Wednesday, November 18, 2015

Reviving Karate (Full Contact)

Since 2001, I have been taking students to compete in knockdown Karate tournaments. In the South, there a 2 long running tournaments held in Alabama the we go to. World Yoshukai Superfights and World Oyama Ultimate Challenge. Shidokan Georgia (Atlanta and North Georgia) has put on tournaments the last 4 years. The Alabama tournaments have been up and down in participation for full contact (especially the bare knuckle/no pad divisions). Yoshukai includes point fighting which in martial arts is always a bigger draw (since participants don't really get hurt). Shidokan Atlanta's Karate tournament piggy backed off of a Judo tournament the last 1st few years.
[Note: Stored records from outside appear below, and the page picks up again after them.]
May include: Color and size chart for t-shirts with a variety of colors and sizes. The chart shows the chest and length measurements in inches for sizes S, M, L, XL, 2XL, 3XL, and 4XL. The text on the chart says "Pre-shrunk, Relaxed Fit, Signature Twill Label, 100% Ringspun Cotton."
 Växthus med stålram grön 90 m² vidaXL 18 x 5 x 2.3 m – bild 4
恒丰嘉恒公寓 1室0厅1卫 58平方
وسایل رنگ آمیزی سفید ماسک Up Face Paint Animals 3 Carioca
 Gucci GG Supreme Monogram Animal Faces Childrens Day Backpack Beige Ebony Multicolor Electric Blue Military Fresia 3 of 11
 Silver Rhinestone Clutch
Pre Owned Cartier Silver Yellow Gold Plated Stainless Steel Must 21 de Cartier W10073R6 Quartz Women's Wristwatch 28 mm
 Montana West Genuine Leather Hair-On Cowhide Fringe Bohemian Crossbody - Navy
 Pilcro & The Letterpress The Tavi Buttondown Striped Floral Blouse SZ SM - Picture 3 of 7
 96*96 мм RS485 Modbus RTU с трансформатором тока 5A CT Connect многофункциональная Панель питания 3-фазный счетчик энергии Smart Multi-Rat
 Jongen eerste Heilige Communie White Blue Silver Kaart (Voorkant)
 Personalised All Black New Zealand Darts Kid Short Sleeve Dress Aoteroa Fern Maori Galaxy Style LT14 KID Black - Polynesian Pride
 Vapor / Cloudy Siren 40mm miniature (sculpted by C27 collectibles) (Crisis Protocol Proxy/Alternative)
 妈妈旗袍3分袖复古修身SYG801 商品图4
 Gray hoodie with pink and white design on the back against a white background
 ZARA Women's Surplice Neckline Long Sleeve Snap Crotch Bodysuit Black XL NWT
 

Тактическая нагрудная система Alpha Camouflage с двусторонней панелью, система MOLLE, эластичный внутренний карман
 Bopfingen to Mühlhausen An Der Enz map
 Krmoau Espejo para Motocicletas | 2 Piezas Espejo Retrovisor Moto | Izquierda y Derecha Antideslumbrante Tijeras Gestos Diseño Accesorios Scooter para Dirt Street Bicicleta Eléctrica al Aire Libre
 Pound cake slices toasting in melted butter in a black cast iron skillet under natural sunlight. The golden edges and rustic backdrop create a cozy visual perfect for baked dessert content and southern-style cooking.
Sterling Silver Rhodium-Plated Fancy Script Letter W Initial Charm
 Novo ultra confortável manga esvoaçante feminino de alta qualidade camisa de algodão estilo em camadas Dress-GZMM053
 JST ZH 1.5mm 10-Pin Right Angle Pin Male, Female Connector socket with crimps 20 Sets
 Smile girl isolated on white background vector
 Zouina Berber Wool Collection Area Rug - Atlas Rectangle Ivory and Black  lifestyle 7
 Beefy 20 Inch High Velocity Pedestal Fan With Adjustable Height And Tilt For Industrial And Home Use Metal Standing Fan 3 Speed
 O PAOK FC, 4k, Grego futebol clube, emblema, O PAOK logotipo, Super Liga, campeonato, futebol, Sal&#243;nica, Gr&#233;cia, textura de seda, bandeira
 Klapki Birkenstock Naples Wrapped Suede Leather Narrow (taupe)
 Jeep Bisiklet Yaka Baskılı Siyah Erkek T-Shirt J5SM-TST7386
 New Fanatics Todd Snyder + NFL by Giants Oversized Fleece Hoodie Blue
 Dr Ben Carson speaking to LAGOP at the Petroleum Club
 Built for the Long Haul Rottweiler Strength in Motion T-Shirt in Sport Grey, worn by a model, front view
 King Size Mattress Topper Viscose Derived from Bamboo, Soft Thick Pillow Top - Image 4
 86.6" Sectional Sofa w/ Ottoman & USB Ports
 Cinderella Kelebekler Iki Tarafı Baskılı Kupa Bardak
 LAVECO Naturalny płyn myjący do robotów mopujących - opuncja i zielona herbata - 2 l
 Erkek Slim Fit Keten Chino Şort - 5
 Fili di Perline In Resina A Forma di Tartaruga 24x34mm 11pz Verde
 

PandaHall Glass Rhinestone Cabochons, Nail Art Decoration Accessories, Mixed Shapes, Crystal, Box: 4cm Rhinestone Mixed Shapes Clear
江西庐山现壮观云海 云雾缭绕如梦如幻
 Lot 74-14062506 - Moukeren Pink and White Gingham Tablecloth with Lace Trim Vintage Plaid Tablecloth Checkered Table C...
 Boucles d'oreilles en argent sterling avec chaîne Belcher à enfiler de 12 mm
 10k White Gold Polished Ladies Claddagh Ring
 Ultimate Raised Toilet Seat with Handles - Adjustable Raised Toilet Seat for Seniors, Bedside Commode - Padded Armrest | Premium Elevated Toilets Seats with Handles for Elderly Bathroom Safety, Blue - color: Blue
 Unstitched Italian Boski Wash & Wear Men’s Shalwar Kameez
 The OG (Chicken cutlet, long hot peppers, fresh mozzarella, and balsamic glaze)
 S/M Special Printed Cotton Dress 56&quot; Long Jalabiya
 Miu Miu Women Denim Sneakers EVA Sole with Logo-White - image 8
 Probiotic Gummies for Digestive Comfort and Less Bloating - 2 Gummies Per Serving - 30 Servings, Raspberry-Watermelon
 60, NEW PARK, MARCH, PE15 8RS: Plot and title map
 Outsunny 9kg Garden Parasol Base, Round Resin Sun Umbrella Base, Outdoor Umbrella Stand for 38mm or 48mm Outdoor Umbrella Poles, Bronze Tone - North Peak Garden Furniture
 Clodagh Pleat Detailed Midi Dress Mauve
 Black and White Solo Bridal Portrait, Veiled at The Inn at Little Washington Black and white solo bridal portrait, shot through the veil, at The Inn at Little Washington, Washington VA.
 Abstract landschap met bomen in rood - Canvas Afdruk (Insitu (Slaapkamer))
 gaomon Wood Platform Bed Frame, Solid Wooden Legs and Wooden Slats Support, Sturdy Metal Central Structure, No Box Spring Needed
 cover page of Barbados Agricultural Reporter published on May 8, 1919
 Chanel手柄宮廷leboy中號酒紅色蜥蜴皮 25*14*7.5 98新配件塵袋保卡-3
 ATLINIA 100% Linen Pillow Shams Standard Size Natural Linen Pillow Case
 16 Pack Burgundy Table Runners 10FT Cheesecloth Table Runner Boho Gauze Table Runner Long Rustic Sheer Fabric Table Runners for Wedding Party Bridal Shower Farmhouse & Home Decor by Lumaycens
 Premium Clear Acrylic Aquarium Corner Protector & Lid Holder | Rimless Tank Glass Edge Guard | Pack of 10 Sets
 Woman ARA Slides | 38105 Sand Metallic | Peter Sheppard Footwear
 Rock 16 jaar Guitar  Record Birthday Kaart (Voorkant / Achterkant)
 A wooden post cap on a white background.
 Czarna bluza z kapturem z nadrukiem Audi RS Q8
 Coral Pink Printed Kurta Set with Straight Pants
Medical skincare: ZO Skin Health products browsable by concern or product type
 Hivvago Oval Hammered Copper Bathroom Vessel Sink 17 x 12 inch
This past year the Karate participation was decent, but there were only 2 bare knuckle Karate matches. Last weekend I took a few students to a World Oyama tournament. The bare knuckle consisted on only World Oyama fighters and one outside fighter (I think from Yoshukai). Having visited other countries tournaments, I am sad to say that in they make our tournaments look not only small. Taking fighters abroad is even more difficult. So, my goal now is to find and cultivate good Karate fighters. Unfortunately, the different dojos don't support each other like they should. Unlike boxing, judo, or teakwondo, these most martial art organizations do things there way. In boxing, all boxing clubs show up and there is one governing body. Of course this can never be the case in Martial Arts because there are too many different styles of Karate, Kung Fu, etc. So, nobody wants to play the same way or support each other's events.